[Data section — start]

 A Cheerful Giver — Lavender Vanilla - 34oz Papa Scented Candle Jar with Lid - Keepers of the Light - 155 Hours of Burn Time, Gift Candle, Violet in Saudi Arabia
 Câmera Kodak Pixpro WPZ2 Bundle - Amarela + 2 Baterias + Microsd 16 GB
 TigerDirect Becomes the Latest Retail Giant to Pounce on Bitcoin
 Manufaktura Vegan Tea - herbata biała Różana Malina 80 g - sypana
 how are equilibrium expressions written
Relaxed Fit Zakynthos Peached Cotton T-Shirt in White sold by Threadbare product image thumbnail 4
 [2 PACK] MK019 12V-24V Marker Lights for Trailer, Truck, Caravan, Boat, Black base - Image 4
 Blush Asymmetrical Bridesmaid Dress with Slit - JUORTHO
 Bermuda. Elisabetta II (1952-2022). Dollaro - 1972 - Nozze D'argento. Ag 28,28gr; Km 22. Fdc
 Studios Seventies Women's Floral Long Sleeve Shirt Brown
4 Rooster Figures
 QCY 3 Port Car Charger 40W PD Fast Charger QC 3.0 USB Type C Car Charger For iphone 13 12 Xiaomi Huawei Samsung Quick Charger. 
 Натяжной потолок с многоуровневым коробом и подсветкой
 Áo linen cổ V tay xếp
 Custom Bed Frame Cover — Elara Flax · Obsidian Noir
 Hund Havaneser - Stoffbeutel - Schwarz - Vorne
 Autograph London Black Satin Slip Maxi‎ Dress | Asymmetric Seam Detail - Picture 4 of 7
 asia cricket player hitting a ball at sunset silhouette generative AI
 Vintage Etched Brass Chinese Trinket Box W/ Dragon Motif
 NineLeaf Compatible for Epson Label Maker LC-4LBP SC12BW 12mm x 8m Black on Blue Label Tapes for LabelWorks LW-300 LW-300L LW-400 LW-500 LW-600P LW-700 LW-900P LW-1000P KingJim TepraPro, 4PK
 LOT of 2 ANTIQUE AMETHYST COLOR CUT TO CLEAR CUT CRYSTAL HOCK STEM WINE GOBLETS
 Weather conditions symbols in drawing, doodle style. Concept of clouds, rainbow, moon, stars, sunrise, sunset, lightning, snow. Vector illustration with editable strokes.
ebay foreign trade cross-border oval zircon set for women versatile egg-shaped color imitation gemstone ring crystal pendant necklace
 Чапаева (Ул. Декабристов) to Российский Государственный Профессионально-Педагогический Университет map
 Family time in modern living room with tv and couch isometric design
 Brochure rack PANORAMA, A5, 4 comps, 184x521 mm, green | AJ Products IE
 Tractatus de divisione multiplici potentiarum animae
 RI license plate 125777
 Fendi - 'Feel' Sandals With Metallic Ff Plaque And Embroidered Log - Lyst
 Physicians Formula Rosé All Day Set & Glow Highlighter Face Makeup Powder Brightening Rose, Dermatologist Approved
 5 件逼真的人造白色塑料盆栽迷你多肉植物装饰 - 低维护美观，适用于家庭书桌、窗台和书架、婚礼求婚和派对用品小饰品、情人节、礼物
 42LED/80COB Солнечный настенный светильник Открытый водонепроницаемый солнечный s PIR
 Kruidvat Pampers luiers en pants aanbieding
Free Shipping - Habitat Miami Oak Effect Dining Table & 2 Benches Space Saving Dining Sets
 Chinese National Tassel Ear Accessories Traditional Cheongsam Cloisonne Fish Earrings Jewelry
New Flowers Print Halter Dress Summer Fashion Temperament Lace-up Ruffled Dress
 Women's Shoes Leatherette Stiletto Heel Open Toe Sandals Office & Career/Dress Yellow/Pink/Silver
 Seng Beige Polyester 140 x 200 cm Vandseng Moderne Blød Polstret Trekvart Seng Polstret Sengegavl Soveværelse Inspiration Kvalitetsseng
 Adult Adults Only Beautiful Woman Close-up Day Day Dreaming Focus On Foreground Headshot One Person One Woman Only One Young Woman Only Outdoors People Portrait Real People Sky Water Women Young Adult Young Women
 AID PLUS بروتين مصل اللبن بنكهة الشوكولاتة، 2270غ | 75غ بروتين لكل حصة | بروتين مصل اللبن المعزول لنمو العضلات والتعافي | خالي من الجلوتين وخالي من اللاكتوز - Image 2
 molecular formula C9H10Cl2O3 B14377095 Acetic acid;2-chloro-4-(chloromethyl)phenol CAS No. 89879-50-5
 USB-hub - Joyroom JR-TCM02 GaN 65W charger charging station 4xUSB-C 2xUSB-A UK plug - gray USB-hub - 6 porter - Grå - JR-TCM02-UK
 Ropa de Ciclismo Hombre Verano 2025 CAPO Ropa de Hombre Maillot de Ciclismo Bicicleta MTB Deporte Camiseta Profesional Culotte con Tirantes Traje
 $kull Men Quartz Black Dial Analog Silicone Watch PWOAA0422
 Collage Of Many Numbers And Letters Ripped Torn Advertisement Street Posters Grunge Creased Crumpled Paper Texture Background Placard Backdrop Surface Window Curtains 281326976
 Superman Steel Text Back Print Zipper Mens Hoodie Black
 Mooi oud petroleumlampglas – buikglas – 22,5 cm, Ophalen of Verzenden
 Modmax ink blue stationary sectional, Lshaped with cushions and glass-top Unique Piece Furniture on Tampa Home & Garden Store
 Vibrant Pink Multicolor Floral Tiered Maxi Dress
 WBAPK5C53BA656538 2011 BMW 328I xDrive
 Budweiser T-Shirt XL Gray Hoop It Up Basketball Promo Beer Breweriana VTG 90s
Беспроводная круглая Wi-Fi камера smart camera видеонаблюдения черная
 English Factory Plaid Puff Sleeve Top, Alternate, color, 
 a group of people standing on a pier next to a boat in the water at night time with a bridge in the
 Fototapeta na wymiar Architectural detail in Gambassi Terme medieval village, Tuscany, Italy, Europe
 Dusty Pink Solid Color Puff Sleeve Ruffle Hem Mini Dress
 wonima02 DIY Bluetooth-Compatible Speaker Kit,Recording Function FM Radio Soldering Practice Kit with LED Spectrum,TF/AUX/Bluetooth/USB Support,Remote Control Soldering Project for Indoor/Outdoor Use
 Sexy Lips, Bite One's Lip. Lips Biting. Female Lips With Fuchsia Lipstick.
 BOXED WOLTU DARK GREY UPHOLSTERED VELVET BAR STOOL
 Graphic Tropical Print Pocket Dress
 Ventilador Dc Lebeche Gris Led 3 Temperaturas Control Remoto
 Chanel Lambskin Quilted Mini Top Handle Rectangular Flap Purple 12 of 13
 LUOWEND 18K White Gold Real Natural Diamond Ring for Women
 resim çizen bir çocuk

[Data section — finish]

Would you transcribe exactly the lines from the one containing "Graphic Tropical Print Pocket Dress" to the end of the material, and leave out the rest?

Solution for this task ->
 Graphic Tropical Print Pocket Dress
 Ventilador Dc Lebeche Gris Led 3 Temperaturas Control Remoto
 Chanel Lambskin Quilted Mini Top Handle Rectangular Flap Purple 12 of 13
 LUOWEND 18K White Gold Real Natural Diamond Ring for Women
 resim çizen bir çocuk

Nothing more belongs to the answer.